The Telegraph-Journal is a daily newspaper published in Saint John, New Brunswick, Canada. It serves as both a provincial daily and as a local newspaper for Saint John. The newspaper is published by Brunswick News, owned by the privately-held J.D. Irving, of the Irving Group of Companies, with stakes in forestry, shipbuilding and consumer products. The Telegraph-Journal is the only New Brunswick-based newspaper to be distributed province-wide and has the highest readership in the province at a weekly circulation of 233,549 and a daily readership of over 75,000.

Brunswick News also publishes a series of editions of regional news, including editions in Fredericton and Moncton under the titles “Daily Gleaner” and “Times & Transcript”, respectively. Corporate and editorial control rests under Irving control with the Telegraph-Journal's offices in Saint John.

The paper has been published out of Saint John since 1862. Capitalist and Irving founder, Kenneth Colin (K.C.) Irving, without formal announcement bought New Brunswick Publishing and the Telegraph-Journal, as well as a local Saint John radio station CHSJ in 1944. Eventually word got out that Irving had bought the paper as he began purchasing others in the province.

The Telegraph-Journal has been the focus of controversy several times over recent years, with allegations of media control, bias and advocacy journalism on behalf of business and political interests. A report from the Canadian Senate in 2006 on media control in Canada singled out New Brunswick because of the Irving companies' ownership of all English-language daily newspapers in the province, including the Telegraph-Journal. Senator Joan Fraser, author of the Senate report, stated, "We didn't find anywhere else in the developed world a situation like the situation in New Brunswick." The report went further, stating, "the Irvings' corporate interests form an industrial-media complex that dominates the province" to a degree "unique in developed countries." At the Senate hearing, journalists and academics cited Irving newspapers' lack of critical reporting on the family's influential businesses.

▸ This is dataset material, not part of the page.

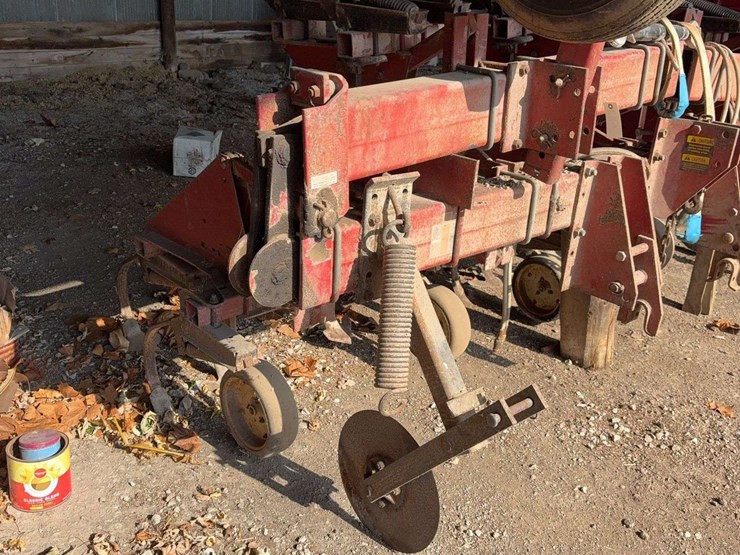 international-183-image-3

Irving family scion Jamie Irving took over as publisher in 2004, after which criticism of the Telegraph-Journal's agenda-based journalism became even more prevalent. This was particularly notable during the newspaper's reporting of issues related to electricity rates and NB Power, the crown corporation responsible for power generation and distribution. Editorials argued against rate increases that would harm J.D. Irving Ltd but failed to acknowledge the conflict of interest.